Perhaps even just old stuff from the international deep sea fleet, coming into the Canadian Register - like CSL Richelieu - will benefit from the waiver of duties. Sure it's worn out for deep sea trade, but heck, it beats the average age of a Canadian vessel by a few years, that can't be all bad.

Obviously, a little bit different take on the news clippings. I certainly will not hold my breath to see a major fleet renewal program with modern tonnage on the Great Lakes, why would they. Historically, the shipowners don't seem to be held to account for much, why start now.

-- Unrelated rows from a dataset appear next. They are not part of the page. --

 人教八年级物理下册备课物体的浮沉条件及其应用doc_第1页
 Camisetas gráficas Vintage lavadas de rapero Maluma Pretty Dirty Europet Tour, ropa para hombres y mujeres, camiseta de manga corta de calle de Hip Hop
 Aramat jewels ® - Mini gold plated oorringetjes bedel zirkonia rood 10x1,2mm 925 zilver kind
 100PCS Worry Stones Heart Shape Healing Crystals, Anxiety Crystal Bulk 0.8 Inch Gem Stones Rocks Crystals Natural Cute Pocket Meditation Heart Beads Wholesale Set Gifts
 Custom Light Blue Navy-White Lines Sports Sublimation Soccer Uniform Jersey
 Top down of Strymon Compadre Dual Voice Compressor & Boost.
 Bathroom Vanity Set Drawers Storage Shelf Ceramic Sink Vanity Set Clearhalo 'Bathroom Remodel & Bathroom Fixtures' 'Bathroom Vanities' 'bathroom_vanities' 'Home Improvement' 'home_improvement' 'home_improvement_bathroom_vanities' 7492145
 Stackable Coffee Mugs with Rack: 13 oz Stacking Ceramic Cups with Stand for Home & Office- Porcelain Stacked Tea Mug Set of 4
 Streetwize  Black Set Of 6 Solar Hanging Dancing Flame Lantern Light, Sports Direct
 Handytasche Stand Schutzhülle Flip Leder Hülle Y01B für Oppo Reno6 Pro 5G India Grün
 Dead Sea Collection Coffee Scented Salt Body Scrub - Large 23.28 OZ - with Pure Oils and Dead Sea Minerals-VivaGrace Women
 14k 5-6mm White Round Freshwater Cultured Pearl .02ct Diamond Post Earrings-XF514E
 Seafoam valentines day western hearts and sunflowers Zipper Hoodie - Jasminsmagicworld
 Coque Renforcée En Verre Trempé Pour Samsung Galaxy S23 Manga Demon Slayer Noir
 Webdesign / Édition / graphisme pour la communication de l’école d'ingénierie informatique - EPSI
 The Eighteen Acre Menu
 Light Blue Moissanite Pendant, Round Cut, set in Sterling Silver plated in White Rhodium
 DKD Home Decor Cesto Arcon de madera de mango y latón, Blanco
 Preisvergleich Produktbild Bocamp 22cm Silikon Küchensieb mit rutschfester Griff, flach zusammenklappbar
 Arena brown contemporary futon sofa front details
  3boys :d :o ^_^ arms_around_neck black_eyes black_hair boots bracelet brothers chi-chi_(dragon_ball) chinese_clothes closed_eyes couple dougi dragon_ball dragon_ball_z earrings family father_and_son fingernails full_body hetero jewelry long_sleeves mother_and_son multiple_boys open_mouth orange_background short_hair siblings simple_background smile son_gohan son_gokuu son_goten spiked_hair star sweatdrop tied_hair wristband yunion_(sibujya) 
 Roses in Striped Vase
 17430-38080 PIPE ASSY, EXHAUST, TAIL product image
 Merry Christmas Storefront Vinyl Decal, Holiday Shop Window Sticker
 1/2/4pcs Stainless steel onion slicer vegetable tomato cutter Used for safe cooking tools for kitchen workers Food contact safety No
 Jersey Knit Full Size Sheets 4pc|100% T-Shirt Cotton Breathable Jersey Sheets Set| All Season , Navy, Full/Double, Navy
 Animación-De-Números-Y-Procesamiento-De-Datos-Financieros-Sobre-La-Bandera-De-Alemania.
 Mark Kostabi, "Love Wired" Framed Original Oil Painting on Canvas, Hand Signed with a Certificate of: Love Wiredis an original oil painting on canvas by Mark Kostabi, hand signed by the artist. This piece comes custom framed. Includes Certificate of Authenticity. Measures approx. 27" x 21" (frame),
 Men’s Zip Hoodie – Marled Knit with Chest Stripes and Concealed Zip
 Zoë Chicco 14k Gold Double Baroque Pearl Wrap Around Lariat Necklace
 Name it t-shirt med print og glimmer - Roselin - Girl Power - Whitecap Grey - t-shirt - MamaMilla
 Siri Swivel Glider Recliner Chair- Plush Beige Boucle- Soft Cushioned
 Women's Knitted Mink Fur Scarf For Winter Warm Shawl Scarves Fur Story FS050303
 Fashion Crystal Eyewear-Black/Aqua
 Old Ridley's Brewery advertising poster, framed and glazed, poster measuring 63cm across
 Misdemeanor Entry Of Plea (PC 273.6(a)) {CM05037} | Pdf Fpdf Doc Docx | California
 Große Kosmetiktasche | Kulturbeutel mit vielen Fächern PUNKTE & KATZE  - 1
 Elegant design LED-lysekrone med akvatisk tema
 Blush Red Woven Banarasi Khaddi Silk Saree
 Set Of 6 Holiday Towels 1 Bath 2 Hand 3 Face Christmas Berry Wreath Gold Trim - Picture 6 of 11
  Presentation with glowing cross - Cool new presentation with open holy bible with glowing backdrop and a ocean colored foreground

I could not find official government documents on the announcements, stipulating the various conditions, but the above observations should be of concern. Don't get me wrong, I like to see at least some positive action from the government; its an encouraging sight. Now if we, other stakeholders in the marine industry, could only have a small amount of influence as the shipowners have had over the many decades past. Mmmmmm.

On the ship building side of things, this does not mean the beginning of the end for Canadian shipbuilders, no, no, that was about thirty years ago, but probably the final nail in their coffin. I believe the shipyards in Canada have seen this coming for quite some time. In reading the Globe & Mail's article on this, there was an interesting piece attached, regarding international financial policies, which I found interesting and somewhat relevant.

Incidentally, Finance Minister Jim Flaherty is also the same minister who sent me a letter in response to my inquiries for tax relief, for foreign going Canadian seafarers. He responds "
Based on this reasoning, it is unlikely that there would be created a new tax exemption for Canadian seafarers". Maybe he means until it benefits the Canadian ship owners more, and they ask for it, perhaps then... Something to hope for.